Do you get any messages in the nagios.log saying something like:
service_result_worker_thread: poll(): (text-rep of errno) ?
> -Background
> I have been running Nagios with the same version on a different box with
> the exact same compile options and config files for months and
> everything is working fine. I am upgrading from a AMD 32 bit system
> (RedHat Enterprise v4) to a new box with Dual 64 bit Opterons running
> (RedHat Enterprise v4 64bit).
>
Are you going to do this upgrade or have you already done it? Was the
kernel compiled with a 64-bit compiler? Was glibc and the thread-library
compiled with a 64-bit compiler? What versions of kernel, glibc and
thread-library are you using? What flavour of thread-library are you
using (linux-threads or nptl)?
> I compile with: ./configure --prefix=/home/nagios/nagios
> --with-cgiurl=/nagios/cgi-bin --with-nagios-user=nagios
> --with-nagios-group=nagios --with-htmurl=/nagios --with-perlcache
> --enable-embedded-perl
>
Try disabling embedded perl. When embedded perl is enabled (particularly
with caching), the routine Nagios goes through after the fork() call is
quite frankly so thread-unsafe that it's a miracle that it works
anywhere at all.
> It seems that there might be a thread/race/timing issue that is relieved
> when there is enough debugging or if strace is involved in the thread
> handling.
>
A Heisenbug... Nasty stuff.

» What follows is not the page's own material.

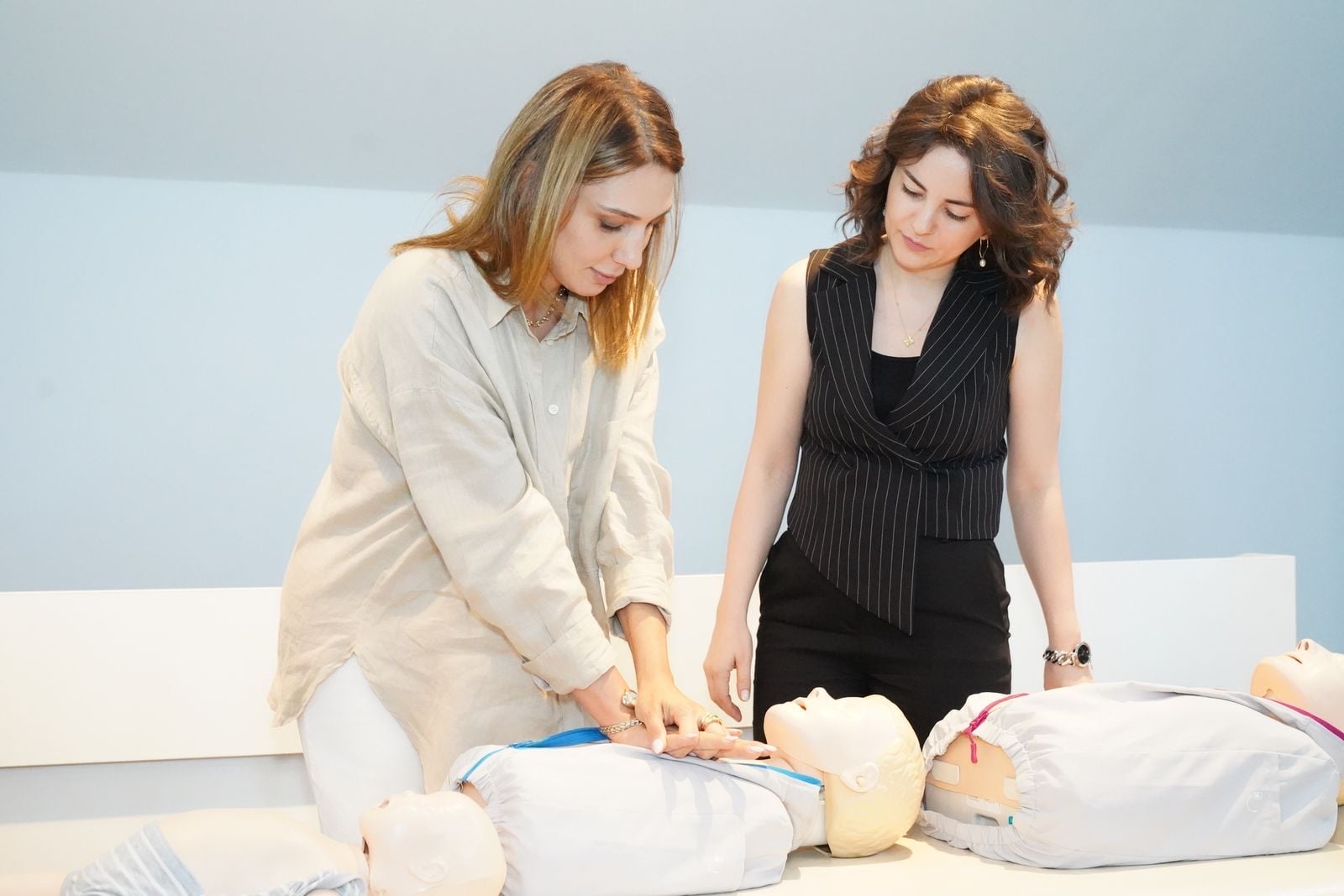 Two women practising chest compressions on training manikins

Running things through strace unfortunately
causes different rules to apply for signals and mutexes (strace reads
the output of the child-process directly, so there is less locking going
on), and since it runs a lot slower mutexes that would possibly have
been held if it weren't for strace have time to be released prior to the
fork() call.
> I can provide more information if there is someone(s) who can help me
> resolve this issue.
Homework one is to come up with answers for all those questions I asked.
Fix-attempt one is to try the newest release of Nagios available. In
particular I think you'll need the patch I submitted 2005-05-05 (after
2.0b3 was released), which adds a couple of flag-macros that's supposed
to alter the behaviour of the C pre-processor somewhat.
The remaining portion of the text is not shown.